There are positive and negative effects of winter weather to turf on the golf course. These effects are dependent on the type of precipitation, temperature, and how long the snow or ice cover exists.
The best precipitation for turf is a powdery snow. A thick blanket of snow provides an insulating blanket that protects the turf. When exposed turf thaws in winter, it will began to break dormancy and root systems will start to absorb moisture. The cell walls of the plants become thinner and are more susceptible to damage from a significant drop in temperature. If this occurs with the temperatures, these swollen cells can be damaged and turf loss will occur. A thick blanket of snow will also protect turf from winter desiccation, which is the drying up of turf when exposed to winter winds. The wind removes moisture from the turf and leaves it unable to replenish itself because the water it needs is frozen in the soil.
As for a cover of ice on turf, especially on greens, is not what we want to see happen.
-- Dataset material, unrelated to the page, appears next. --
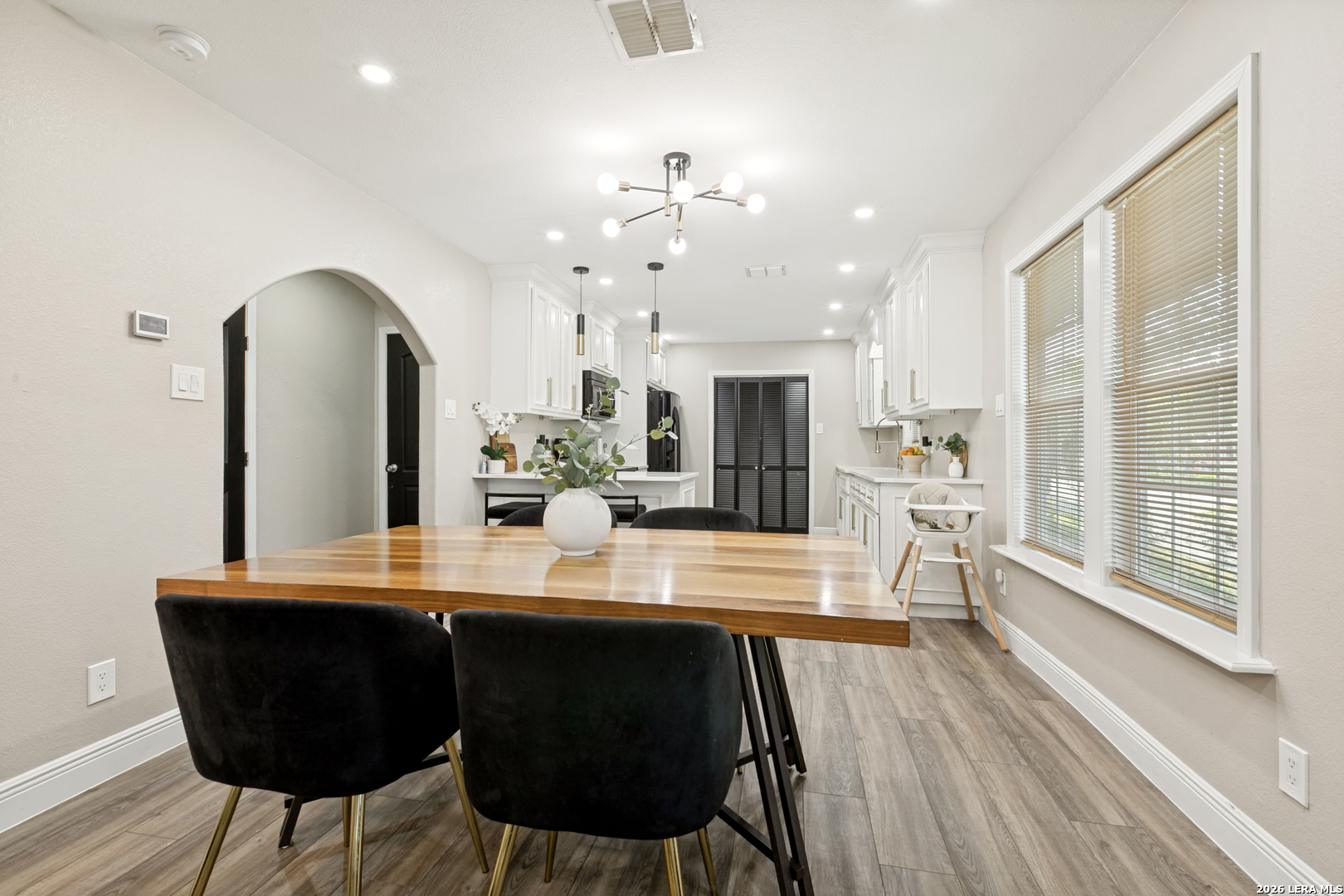 126 Lincolnshire Drive San Antonio TX 78220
When a layer of ice forms on the surface of the green it can cause problems if this layer is there for a week or so. Toxic levels of carbon dioxide can become built up under the ice and not allowed to escape. The Carbon Dioxide is the result of the turf being alive under the ice, and the cells of the plant are using food that has been stored in an effort to survive. The conversion of the food to energy releases the Carbon Dioxide which is a toxin to the turf, when the gas cannot escape the ice layer for an extended period of time. Poa Annua also known as annual bluegrass is more susceptible to damage than the Bentgrass, but unfortunately here at Crofton we have a large population of annual bluegrass.
So if u are wishing for winter weather for the months of December, January, and February, I hope all of u wish for thick blankets of powdery snow!